Jul 26th 2006, C.P. Chandrasekhar and Jayati Ghosh
It has already been pointed out in a previous column that in its Approach to the Eleventh Five-Year Plan, the Planning Commission has adopted an uncritical ''trickle-down'' approach to economic growth, by making the basic objective the achievement of a certain target annual GDP growth figure - either 7.8 or 9 per cent per annum - and effectively assuming that all social goals will be achieved by this.

This is almost criminal, since the same Approach Paper has tucked away in it the first official acknowledgement that until now the country has been told a fairy tale about poverty reduction during the 1990s. Until recently, the growth-first argument has made much of the contested official claim that poverty declined from 36 per cent in 1993-94 to 26 per cent in 1999-2000 or by 10 per cent over a 6 year period. It is now revealed that the comparable figure for 2004-05 is 28 per cent, which implies only 8 per cent reduction over a 11 year period. This implies that despite all the hype on growth, it is now official that the rate of poverty reduction after 1990 has been at only half the rate between 1977 to 1990.

So in fact it matters great deal whether the pattern of growth that in planned for is actually ''inclusive'' or not, and the Planning Commission should really have focused all its attention on ensuring that this most crucial of goals is achieved. However, the combination of silences and misplaced emphases on particular areas creates an overall approach which falls very far short of even envisaging truly inclusive growth. In particular, the Approach Paper fails to address or wrongly deals with five critical areas that are not only essential for inclusive growth but also the most burning policy issues of the present time. These areas are control over and loss of land; employment generation; agriculture and food security; health; and education.

The land question

For a while now, issues relating to land control and assets distribution had gone out of fashion in policy discussion. However, they were always critical in affecting ground realities, and now the issues involved are so pressing that they simply cannot be wished away and must be addressed directly by the state at different levels. It is not simply that the pattern of landownership and control has been concentrated and subject to a significant degree of gender discrimination. It is also that recent patterns of development have created much more dispossession and dislocation, especially among the peasantry and forest dwellers, and this has created not only much more material distress but also widespread social tension.

The NSS data on landholdings, as expressed in the data collected in the 59th Round of the survey and shown in Chart 1, indicate a significant increase in landlessness among rural households. According to these data, the proportion of landless rural households had been broadly stable for three decades from the early 1970s at around 28 per cent, and had come down to 22 per cent in 1991-92. But the data relating to 2002-03 indicate a very sharp increase to nearly one-third of rural households. A similar (and even more accentuated) increase had been evident from the NSS employment survey, which suggested that well above one-third of rural households had no land in 1999-2000.

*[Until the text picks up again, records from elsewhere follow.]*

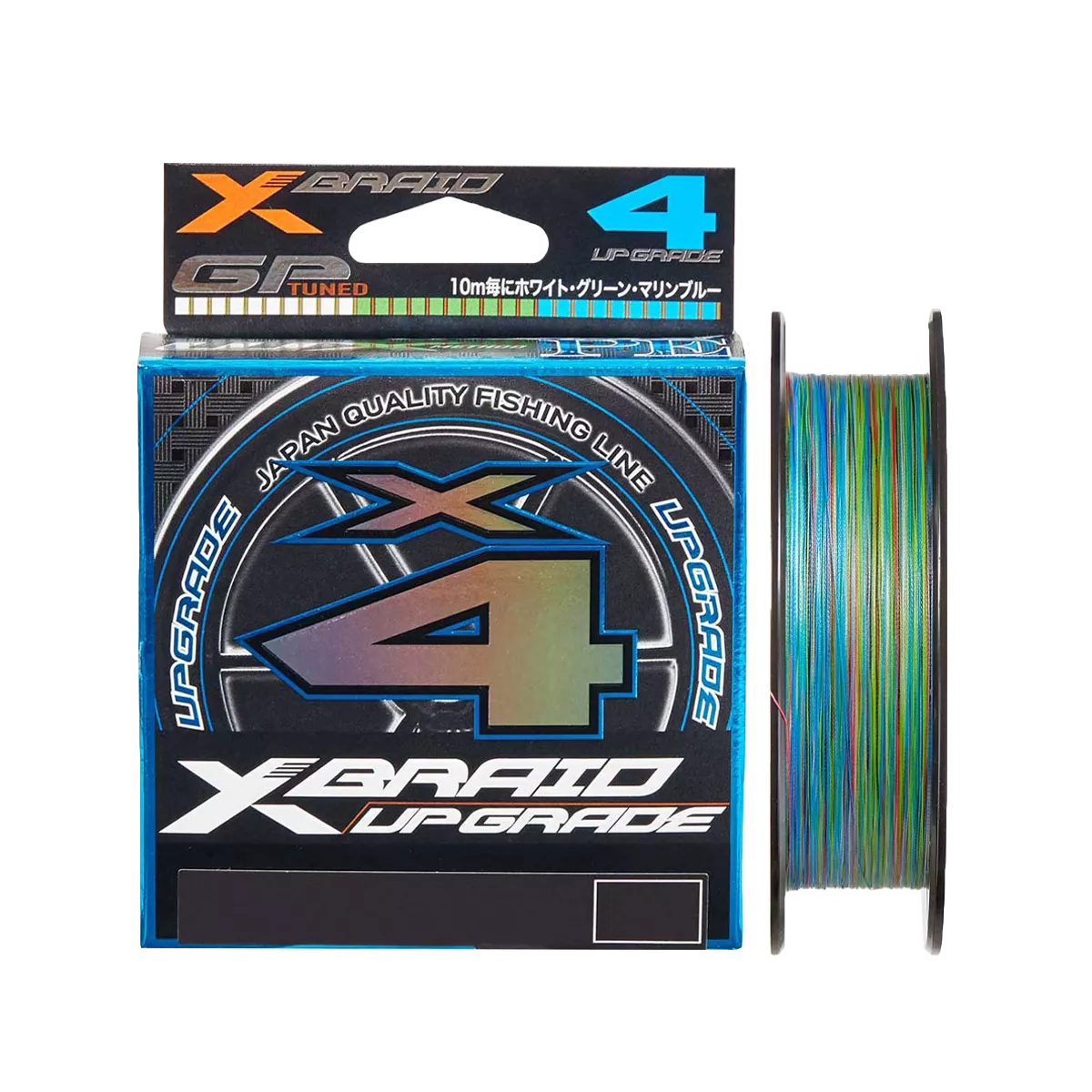 Шнур XBraid Upgrade X4 3 Color 150м Multicolor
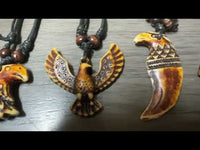 Carved Retro Necklaces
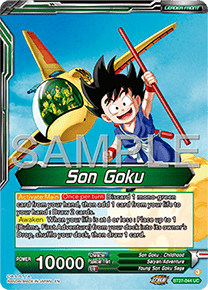 BT27-044 Son Goku // Son Goku & Bulma, First Encounter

This growing landlessness is not fortuitous: it is the result of a process that has been marked in the countryside over the last decade, of reduced economic viability of cultivation, that has particularly squeezed small producers. This is discussed in more detail below, but the moot point in this context is that financial stress, including the inability to repay loans taken for cultivation and for other purposes, has forced many farmers to sell their lands and join the landless population. This process is likely to have been especially strong among farmers with marginal holdings, which may explain why their proportion has fallen slightly in the most recent period.

Chart 1  >>

This problem assumes particular significance because - as will be evident below - this loss of an important asset has not been accompanied by expansion in other economic opportunities, so that the growing number of landless rural households have not just lost real wealth, they are deprived of a basic source of livelihood. This is a basic problem which the Planning Commission must address if its desire for ''more inclusive growth'' is not to be entirely imaginary.

In addition, the economic growth process has involved increasing displacement of people from their land, with inadequate or no compensation and rehabilitation measures. Such displacement has resulted not only from large irrigation projects but also for urban expansion, increases in transport networks such as roads and railways, and the like. Tribal populations have been disproportionately affected by this. The inadequacy of current rehabilitation practices, and the possibilities for social discord, have been recognised in the Approach Paper. But more needs to be done than simply ''frame a transparent set of policy rules'', and the Planning Commission should really have used this opportunity to reconsider the strategy of growth so as to ensure that displacement and dispossession are themselves minimised as far as possible. Instead, the Approach actually calls for dilution or removal of urban land ceiling acts by the state governments, thus reinforcing land monopolies of a few large players.

Despite these pressing and increasingly urgent concerns, discussion of land reforms - which are once again a topical issue - finds no place in the document. Nor is there any concern about the problem of recognising the land rights of women, and ensuring that women be given pattas in the event of any redistribution or rehabilitation.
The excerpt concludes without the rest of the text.